-- Data supplied follows --
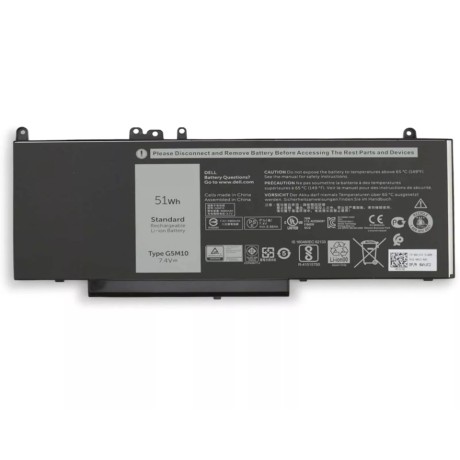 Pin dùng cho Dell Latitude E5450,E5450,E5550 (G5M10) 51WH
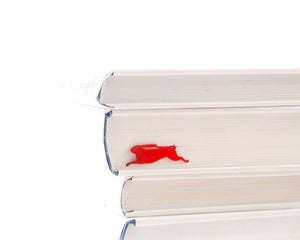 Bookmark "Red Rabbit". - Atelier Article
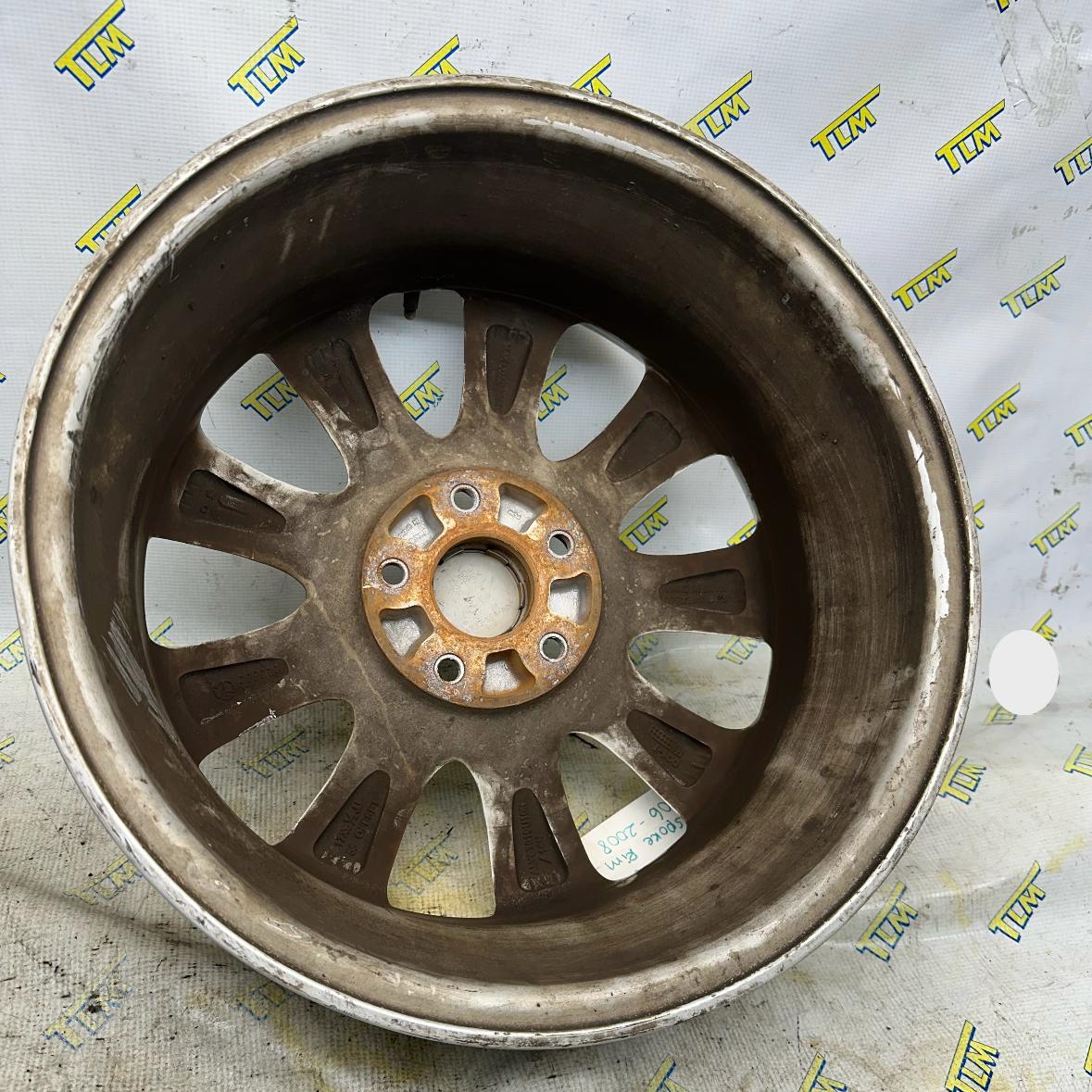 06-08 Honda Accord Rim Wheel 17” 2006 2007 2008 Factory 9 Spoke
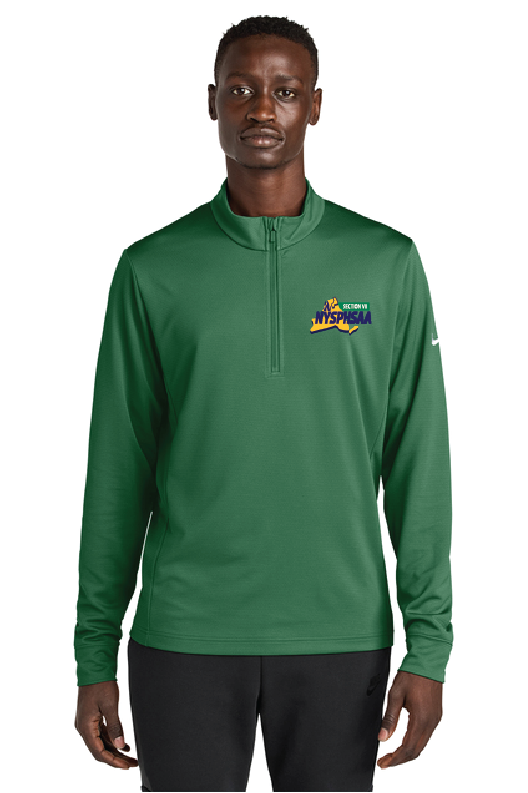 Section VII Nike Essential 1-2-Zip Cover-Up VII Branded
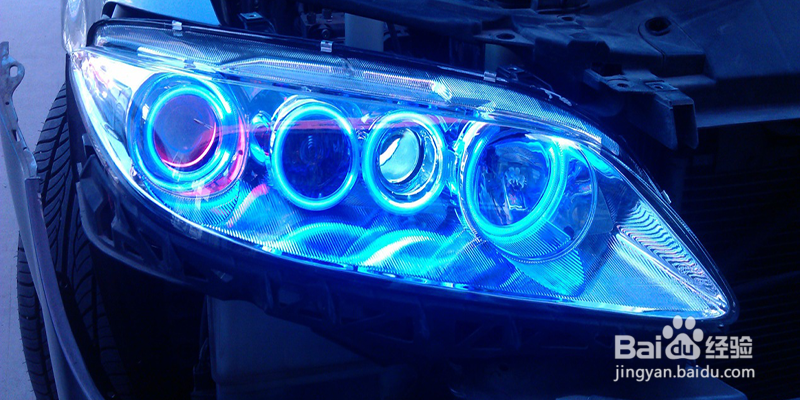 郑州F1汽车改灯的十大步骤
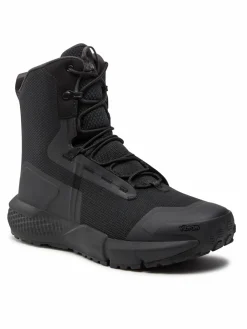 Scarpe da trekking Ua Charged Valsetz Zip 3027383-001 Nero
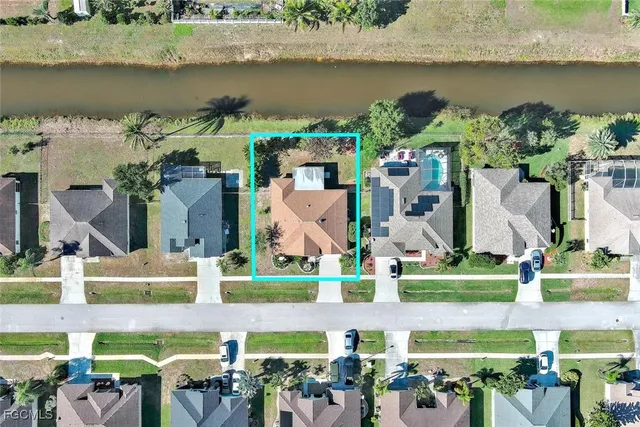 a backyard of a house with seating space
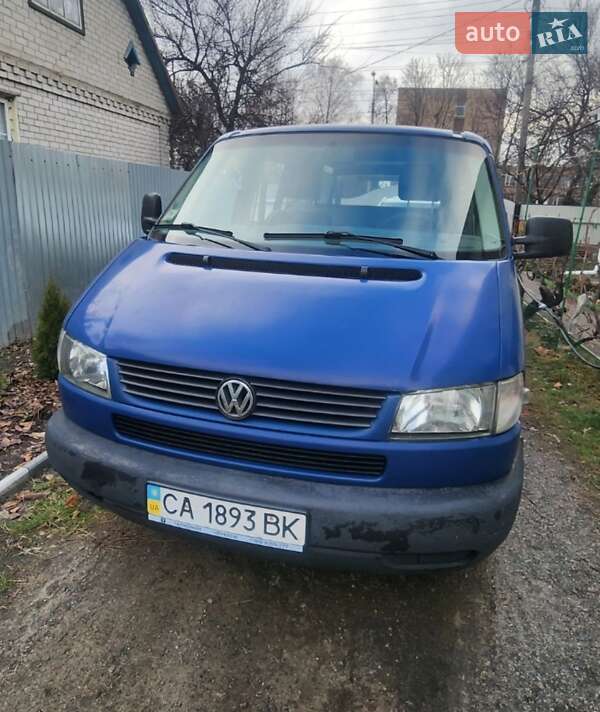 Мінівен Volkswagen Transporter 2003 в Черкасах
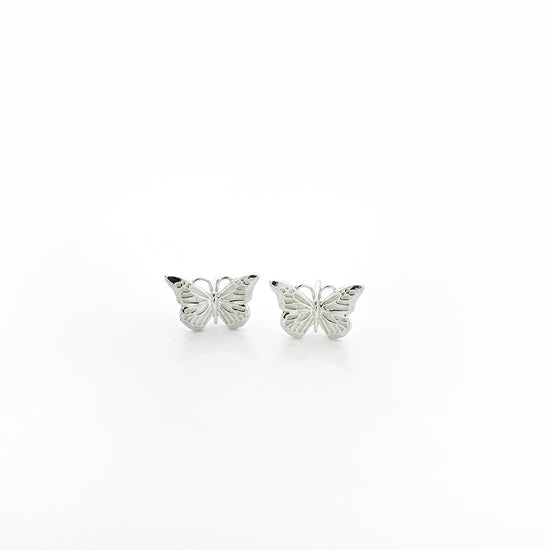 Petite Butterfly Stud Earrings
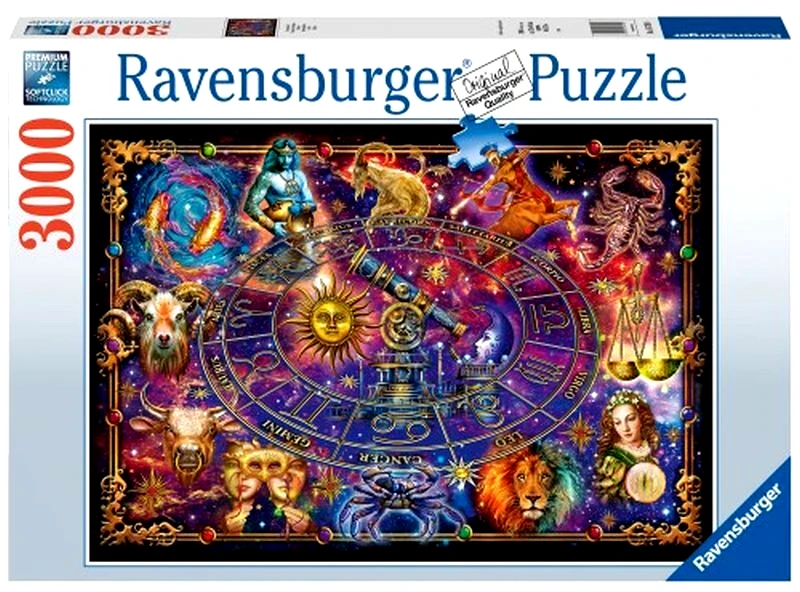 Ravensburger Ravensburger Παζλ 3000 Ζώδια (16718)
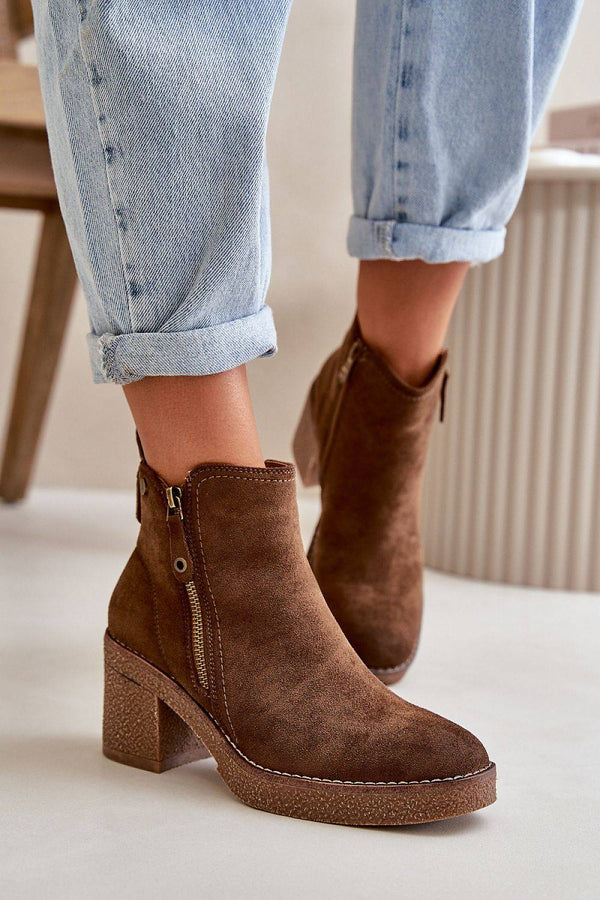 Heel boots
-- Data supplied concluded --
From the line containing "Section VII Nike" to the last line of the entries, output every line exactly as written, but leave out the pictures.

 Section VII Nike Essential 1-2-Zip Cover-Up VII Branded
 郑州F1汽车改灯的十大步骤
 Scarpe da trekking Ua Charged Valsetz Zip 3027383-001 Nero
 a backyard of a house with seating space
 Мінівен Volkswagen Transporter 2003 в Черкасах
 Petite Butterfly Stud Earrings
 Ravensburger Ravensburger Παζλ 3000 Ζώδια (16718)
 Heel boots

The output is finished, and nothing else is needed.